(Beginning of Given data)
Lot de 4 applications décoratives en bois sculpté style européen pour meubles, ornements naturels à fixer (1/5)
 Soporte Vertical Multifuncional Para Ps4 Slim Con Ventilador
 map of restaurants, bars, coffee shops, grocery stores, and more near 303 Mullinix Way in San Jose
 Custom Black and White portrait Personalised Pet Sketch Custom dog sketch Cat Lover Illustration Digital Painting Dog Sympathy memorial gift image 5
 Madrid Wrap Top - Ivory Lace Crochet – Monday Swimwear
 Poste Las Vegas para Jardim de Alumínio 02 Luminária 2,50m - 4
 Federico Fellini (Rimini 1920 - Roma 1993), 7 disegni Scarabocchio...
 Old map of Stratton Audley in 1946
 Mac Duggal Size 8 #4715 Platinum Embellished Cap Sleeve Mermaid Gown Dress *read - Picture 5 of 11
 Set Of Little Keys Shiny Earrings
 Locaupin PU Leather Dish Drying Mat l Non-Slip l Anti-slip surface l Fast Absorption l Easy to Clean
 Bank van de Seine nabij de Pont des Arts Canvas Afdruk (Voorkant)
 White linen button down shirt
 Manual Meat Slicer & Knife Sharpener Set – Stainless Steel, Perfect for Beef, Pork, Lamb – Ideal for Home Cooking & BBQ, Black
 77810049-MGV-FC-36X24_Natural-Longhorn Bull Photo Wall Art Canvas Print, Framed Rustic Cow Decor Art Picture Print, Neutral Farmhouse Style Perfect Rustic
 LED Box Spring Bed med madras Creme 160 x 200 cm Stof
(End of Given data)
**Work request:**
Would you copy all lines in the records where the string "Picture" appears?

**Completed task:**
 Mac Duggal Size 8 #4715 Platinum Embellished Cap Sleeve Mermaid Gown Dress *read - Picture 5 of 11
 77810049-MGV-FC-36X24_Natural-Longhorn Bull Photo Wall Art Canvas Print, Framed Rustic Cow Decor Art Picture Print, Neutral Farmhouse Style Perfect Rustic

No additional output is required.